• WORK ORDER: Give again the lines from the line with "Pothys Pink Solid Jute Silk Saree" to the last line of the records, exactly and in full. Do not carry over any pictures.

Image-text web data:

· · · · ·

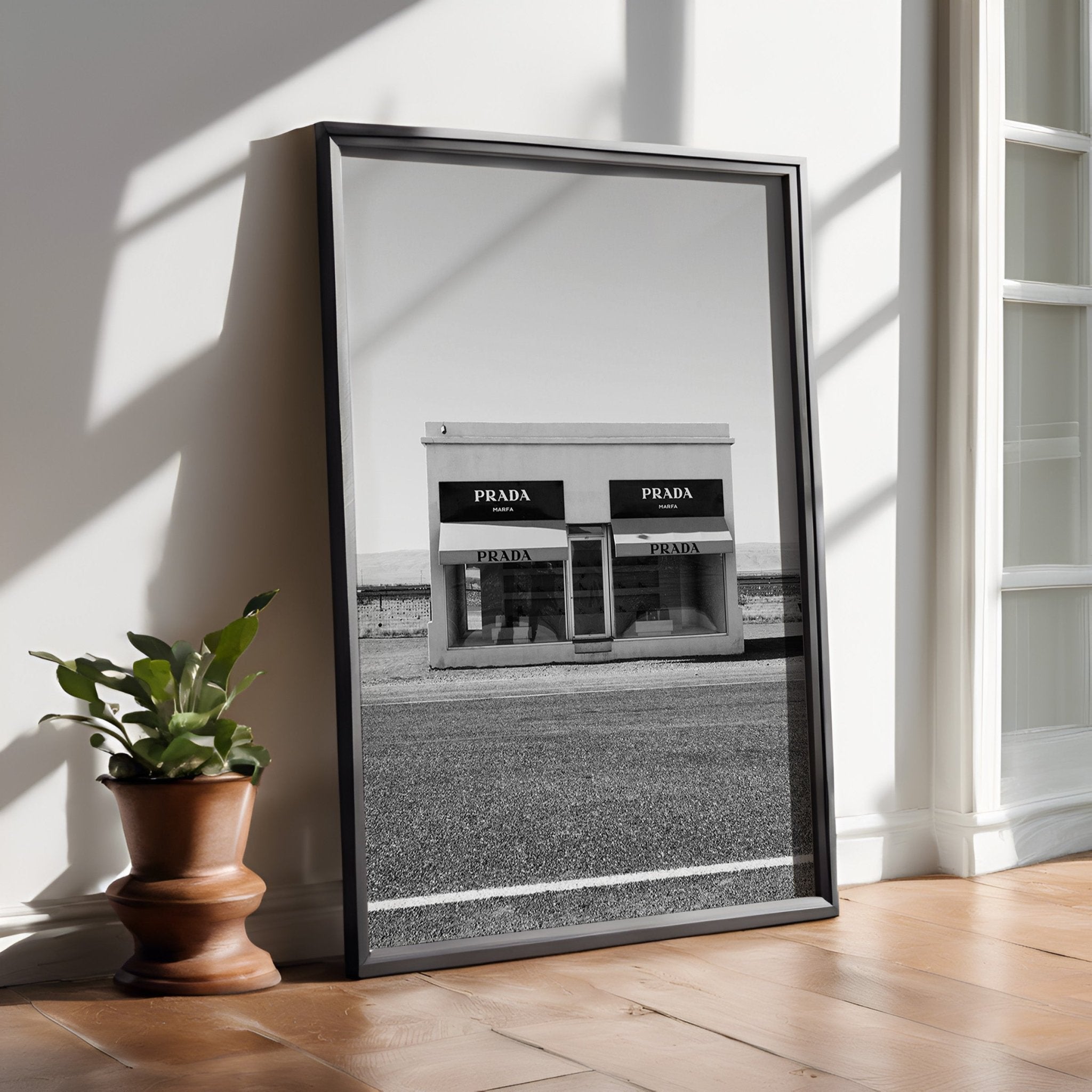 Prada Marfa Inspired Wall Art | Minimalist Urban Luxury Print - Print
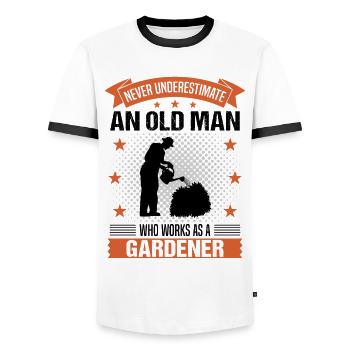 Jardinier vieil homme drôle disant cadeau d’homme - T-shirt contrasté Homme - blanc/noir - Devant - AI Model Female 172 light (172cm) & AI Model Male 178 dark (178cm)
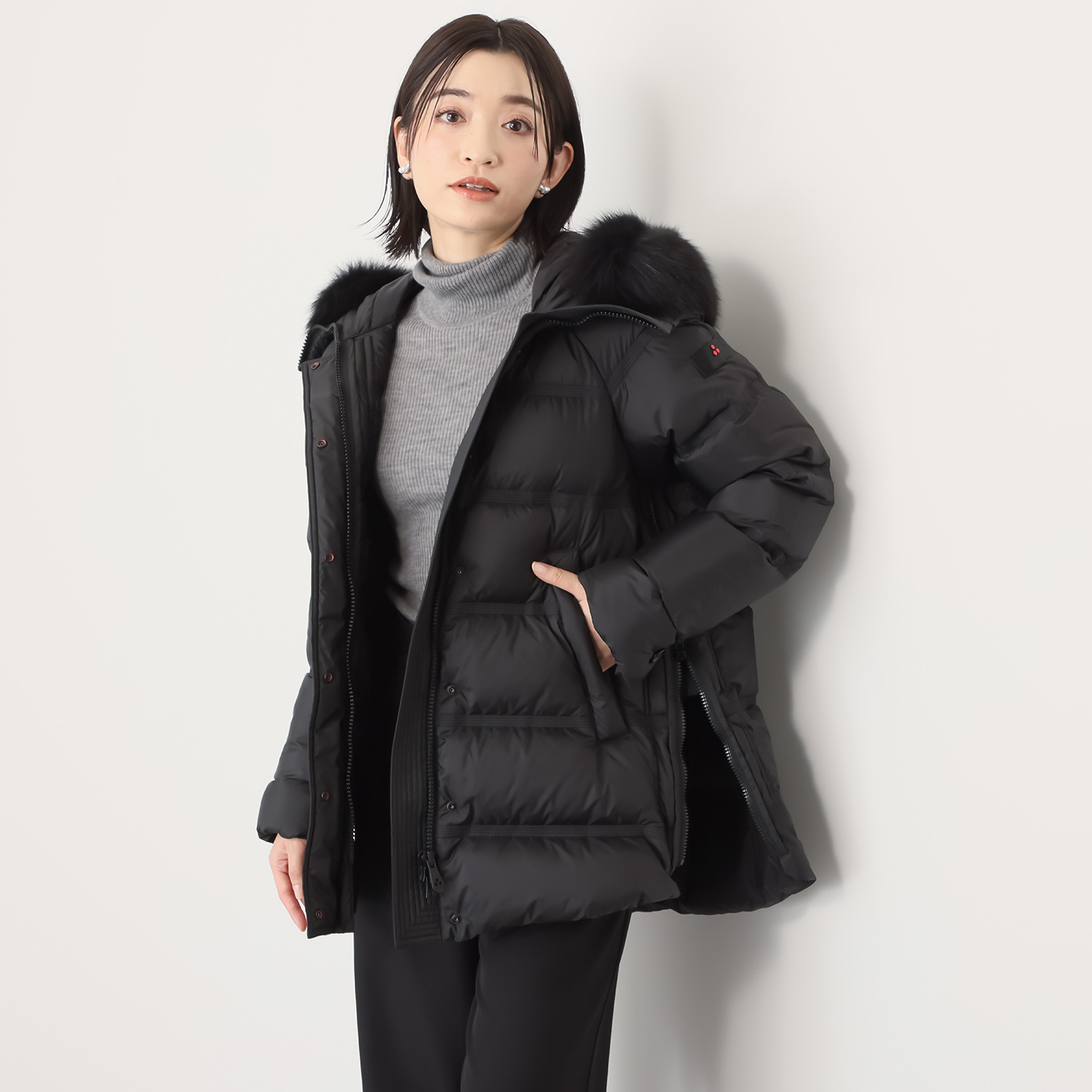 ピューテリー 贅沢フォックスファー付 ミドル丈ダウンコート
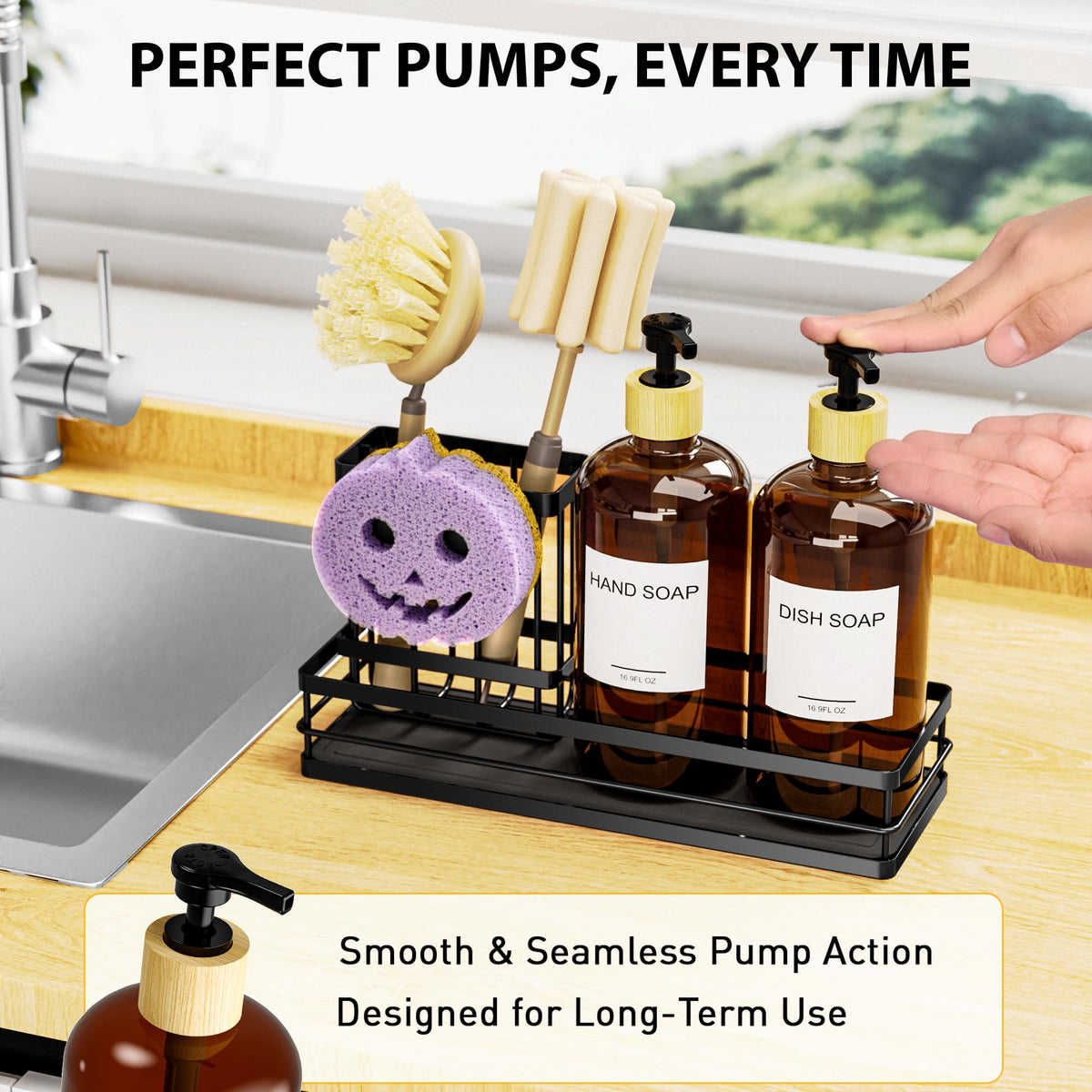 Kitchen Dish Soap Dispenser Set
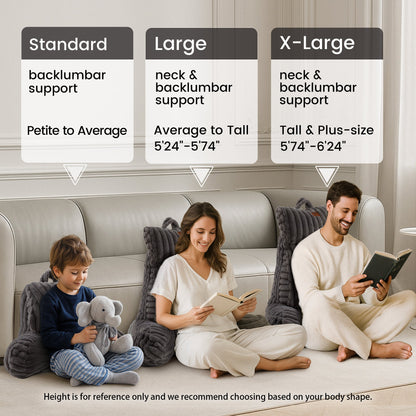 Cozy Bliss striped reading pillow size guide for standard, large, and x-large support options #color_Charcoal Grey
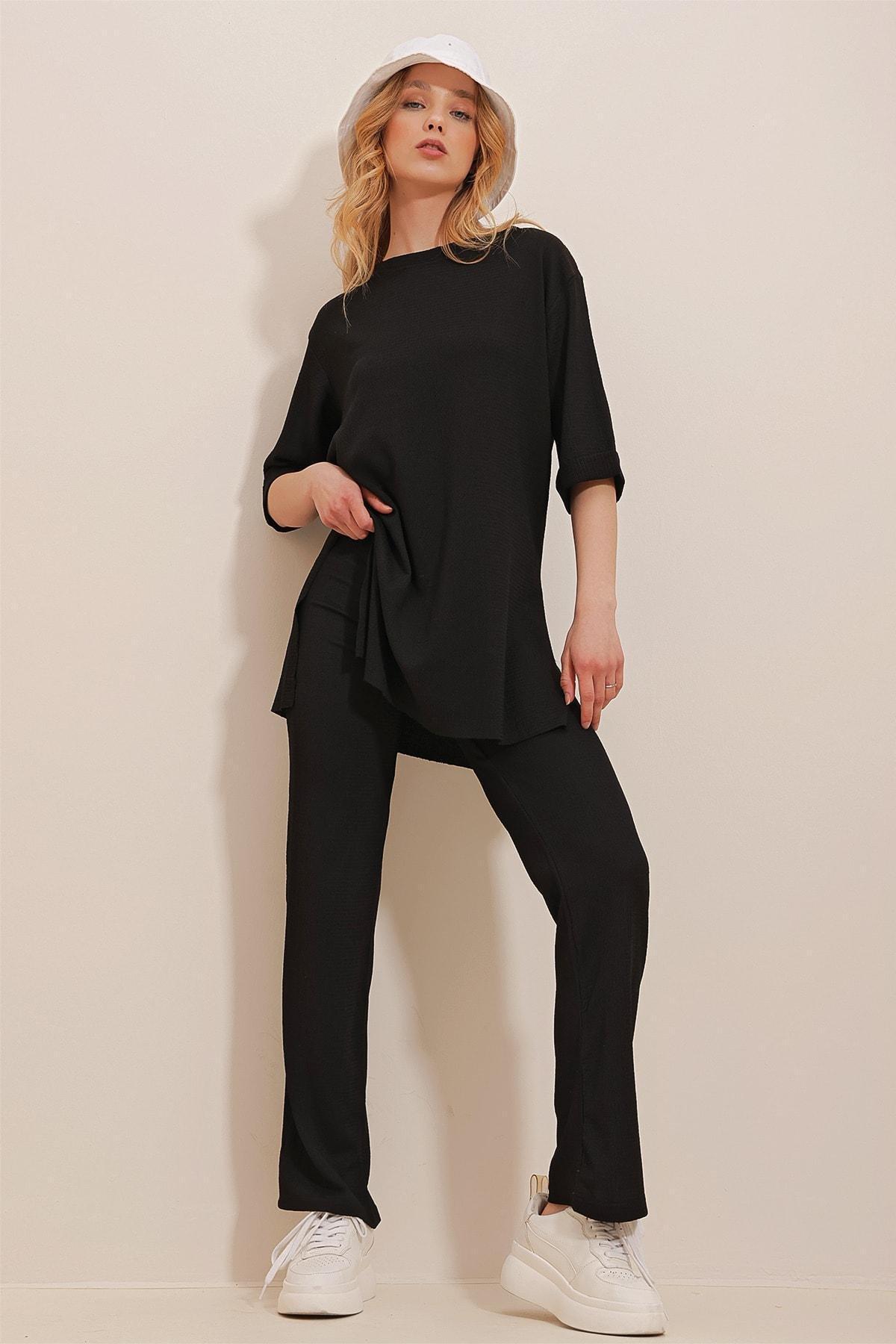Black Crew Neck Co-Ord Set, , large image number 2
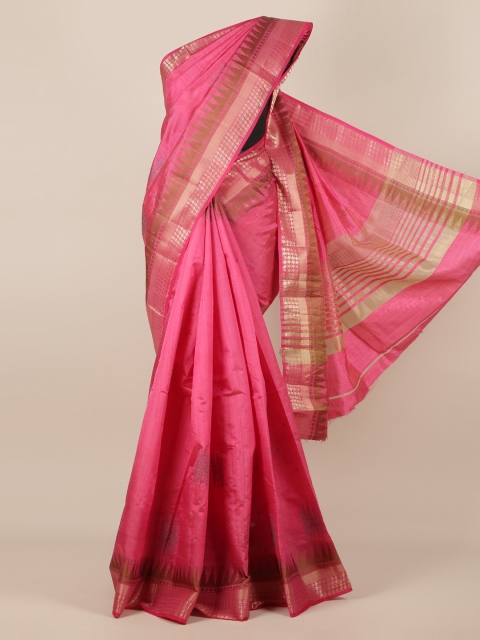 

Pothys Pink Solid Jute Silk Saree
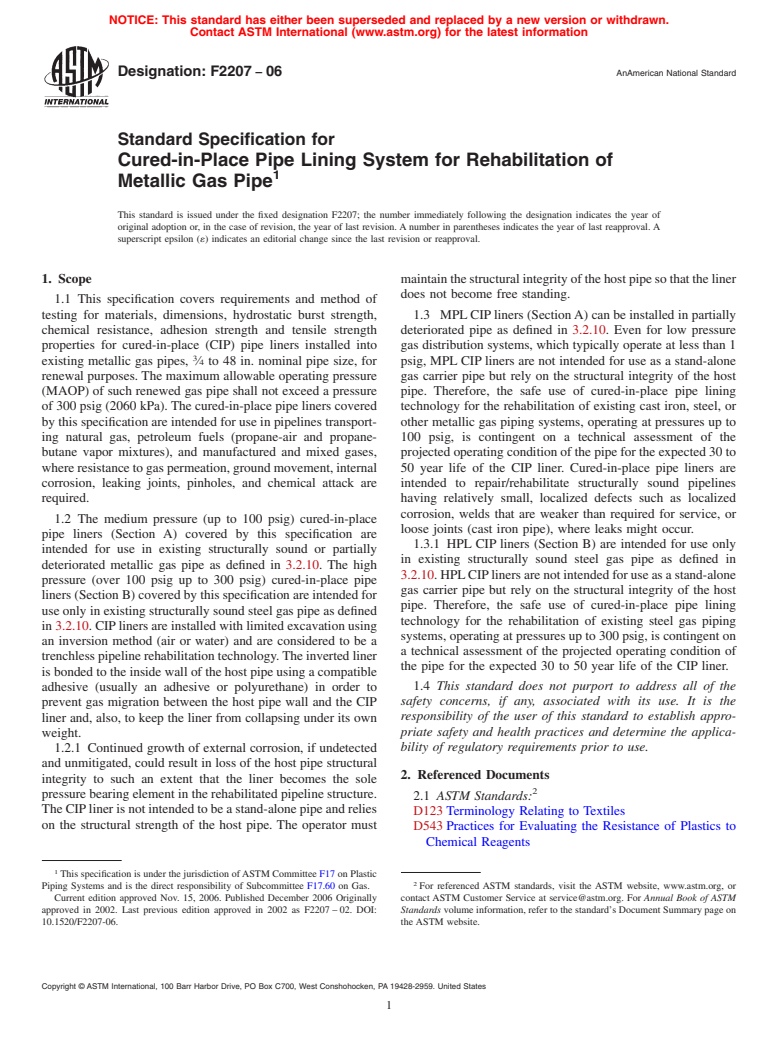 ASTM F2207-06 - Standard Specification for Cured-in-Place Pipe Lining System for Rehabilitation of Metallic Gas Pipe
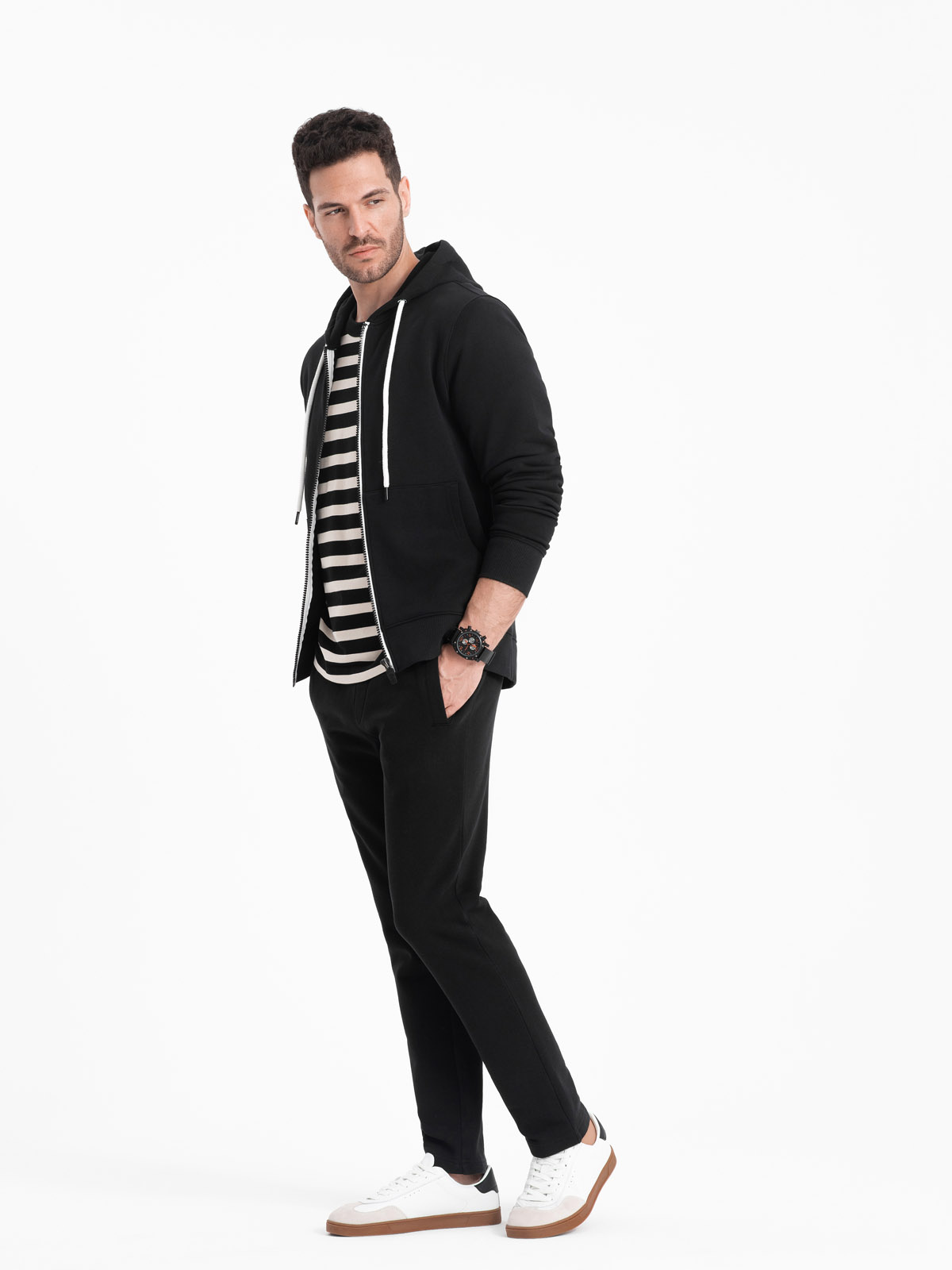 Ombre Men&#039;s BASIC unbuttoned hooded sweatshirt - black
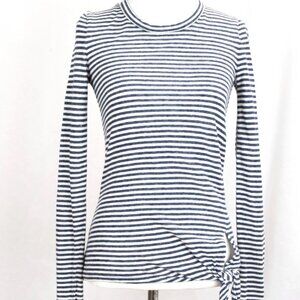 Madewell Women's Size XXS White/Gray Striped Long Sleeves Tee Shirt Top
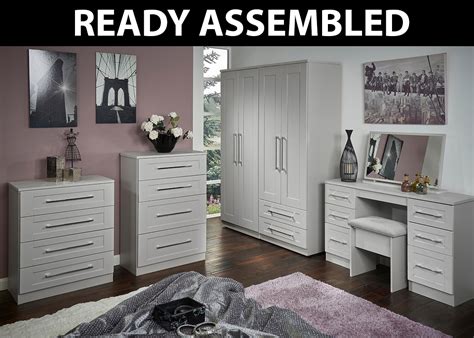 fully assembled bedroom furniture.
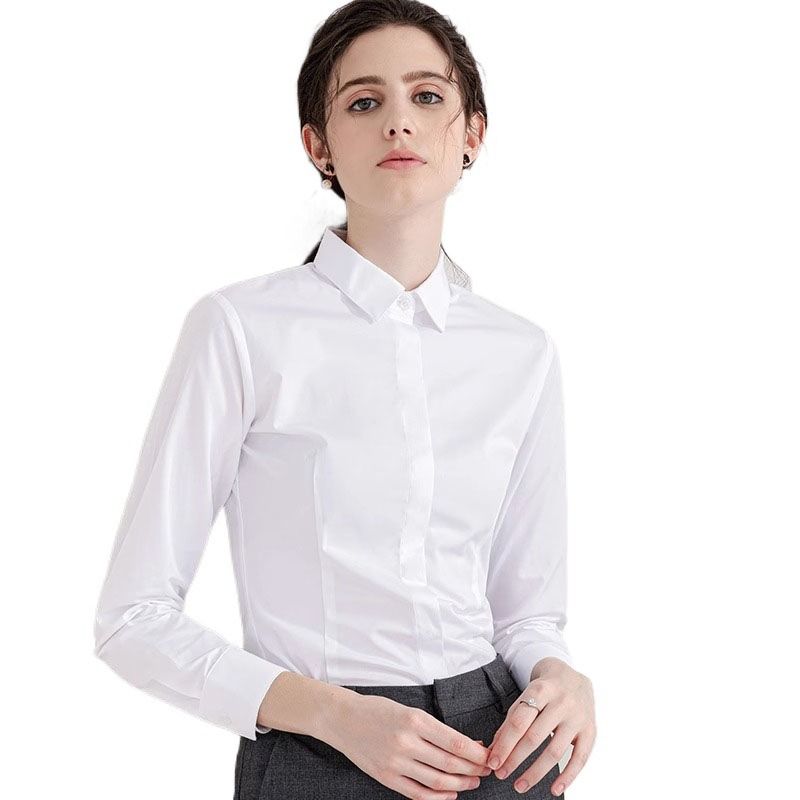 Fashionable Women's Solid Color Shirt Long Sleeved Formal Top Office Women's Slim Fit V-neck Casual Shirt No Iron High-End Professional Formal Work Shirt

· · · · ·

• ANSWER BOX:
Pothys Pink Solid Jute Silk Saree
 ASTM F2207-06 - Standard Specification for Cured-in-Place Pipe Lining System for Rehabilitation of Metallic Gas Pipe
 Ombre Men&#039;s BASIC unbuttoned hooded sweatshirt - black
 Madewell Women's Size XXS White/Gray Striped Long Sleeves Tee Shirt Top
 fully assembled bedroom furniture.
 Fashionable Women's Solid Color Shirt Long Sleeved Formal Top Office Women's Slim Fit V-neck Casual Shirt No Iron High-End Professional Formal Work Shirt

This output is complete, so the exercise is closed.